Abstract Title:

Low to moderate lifetime alcohol consumption is associated with less advanced stages of fibrosis in non-alcoholic fatty liver disease.

Abstract Source:

Scand J Gastroenterol. 2016 Sep 21:1-25. Epub 2016 Sep 21. PMID: 27650916

Abstract Author(s):

Hannes Hagström, Patrik Nasr, Mattias Ekstedt, Stergios Kechagias, Kristina Önnerhag, Emma Nilsson, Fredrik Rorsman, Reza Sheikhi, Hanns-Ulrich Marschall, Rolf Hultcrantz, Per Stål

Article Affiliation:

Hannes Hagström

Abstract:

BACKGROUND AND AIM: Moderate alcohol consumption has been associated with a lower risk of disease severity in non-alcoholic fatty liver disease (NAFLD). It is unclear if this reflects current or lifetime drinking, or can be attributed to confounders such as diet and exercise. We evaluated the impact of lifetime alcohol consumption on fibrosis severity in NAFLD.
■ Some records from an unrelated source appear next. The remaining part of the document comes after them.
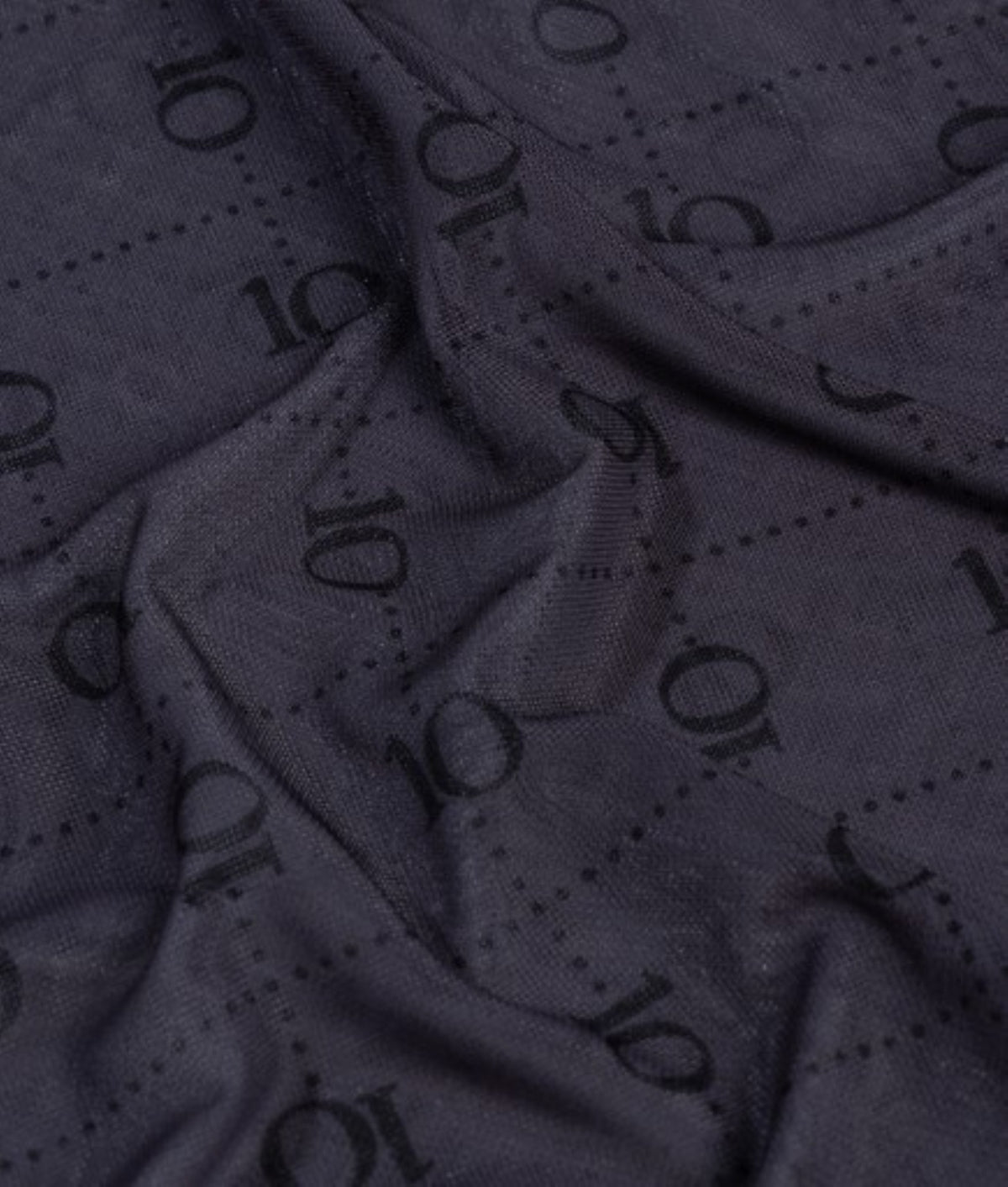 10 Days Mesh Long Sleeve Monogram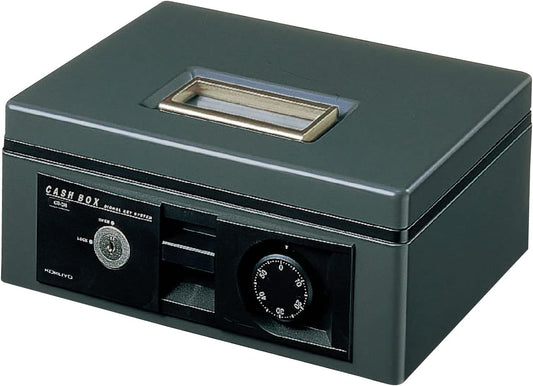 Kokuyo handbag safe dial with dark gray A5 CB-13DM (japan import)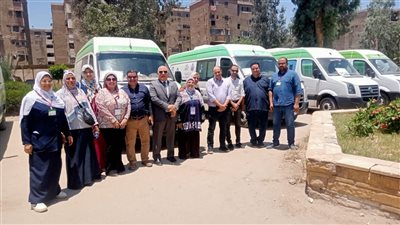 في جولة موسعة.. وكيل صحة القليوبية يتابع استعدادات الاعتماد الصحي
METHODS: We prospectively enrolled 120 subjects with biopsy-proven NAFLD and through detailed questionnaires examined lifetime alcohol consumption, diet and physical activity. Main outcome measures were odds ratios (OR) for fibrosis stage, calculated through ordinal regression after adjustment for body mass index, diabetes mellitus type 2, smoking and age at biopsy. A biomarker for recent alcohol consumption, phosphatidyl ethanol (PEth) was sampled.

RESULTS: An increase in median weekly alcohol consumption to a maximum of 13 drinks per week was associated with lower fibrosis stage (adjusted OR for each incremental unit, 0.86; 95% CI, 0.76-0.97; p = 0.017). The lowest risk for fibrosis was found with the lowest odds seen in the top quartile of alcohol consumption (aOR 0.23; 95% CI 0.08-0.66; p = 0.006). Adding soft drink and coffee consumptions, and physical activity to the model did not change the estimates. Subjects with PEth ≥ 0.3 μmol/L had higher ORs for a higher fibrosis stage (aOR 2.77; 95% CI 1.01-7.59; p = 0.047).

CONCLUSION: Lifetime alcohol consumption with up to 13 units per week is associated with lower fibrosis stage in NAFLD. Elevated PEth is associated with higher stages of fibrosis.